Tokyo and Amsterdam are the most finely wrought locations but the author really lost me with her description of Haiti. The much-abused island is mainly presented as a place of smells and discomfort, while Amsterdam and Tokyo, in even their seedier aspects, are given a deeply evocative treatment. This coincides, unfortunately, with the novel’s rather simplistic portrayal of vodun, a religious system already much derided in American popular culture as a magic system of “voodoo dolls” (actually part of the western magical tradition that has been clamped on to vodun) and zombies.

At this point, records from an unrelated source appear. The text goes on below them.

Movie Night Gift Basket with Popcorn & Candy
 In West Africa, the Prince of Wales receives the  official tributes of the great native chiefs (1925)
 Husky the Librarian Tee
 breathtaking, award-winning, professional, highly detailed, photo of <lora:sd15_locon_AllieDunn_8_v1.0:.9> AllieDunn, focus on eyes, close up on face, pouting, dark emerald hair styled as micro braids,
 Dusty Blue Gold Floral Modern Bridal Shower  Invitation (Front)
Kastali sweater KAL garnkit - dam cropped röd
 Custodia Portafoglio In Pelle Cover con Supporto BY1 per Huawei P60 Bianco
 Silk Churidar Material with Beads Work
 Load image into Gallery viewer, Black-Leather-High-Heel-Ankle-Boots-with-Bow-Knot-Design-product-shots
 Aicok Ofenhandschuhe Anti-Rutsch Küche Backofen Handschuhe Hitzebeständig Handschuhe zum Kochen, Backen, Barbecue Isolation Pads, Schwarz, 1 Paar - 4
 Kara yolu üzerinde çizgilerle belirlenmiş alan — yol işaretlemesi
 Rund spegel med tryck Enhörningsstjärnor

A seemingly small, but almost constantly annoying, aspect of the novel is its use of footnotes throughout. Don’t get me wrong, as a pretty serious David Foster Wallace fan I am well aware of how this use of an academic scaffolding in fiction can add layer of irony and complexity to a story, suggesting a world behind and beyond the fiction piece while creating a strange kind of meta-narrative within it. But that’s not what McFerrin does here. These are footnotes in a dreadfully literal sense, giving the reader the straight, denotative meaning of unfamiliar terms. Occasionally, this does explain a word or concept that may be unfamiliar but it also prevents our full capitulation to the narrative, reminding of the artifice. At it’s worst, as when the author defines “ninja” for her readers, it seems patronizing and makes this feel like a piece of adolescent literature, which clearly it is not.
Looking at Dead Love as a whole, much of the book’s problems at first seem like failures of craftsmanship. I’m afraid the deeper issue is a failure of imagination. The intermixture of elements, from ninjas to voodoo, feels like a writer attempting to pack everything that could possibly be interesting to the reader into the novel. I was expecting vampires, pirates and perhaps a killer robot to show up at any moment. As filmmakers like Romero or comic writers like Robert Kirkman (The Walking Dead) have shown, the unbelievable nature of the zombie opens up the possibility of telling stark tales that are more about human experience than the supernatural. Your time would be better spent revisiting their work than on Dead Love.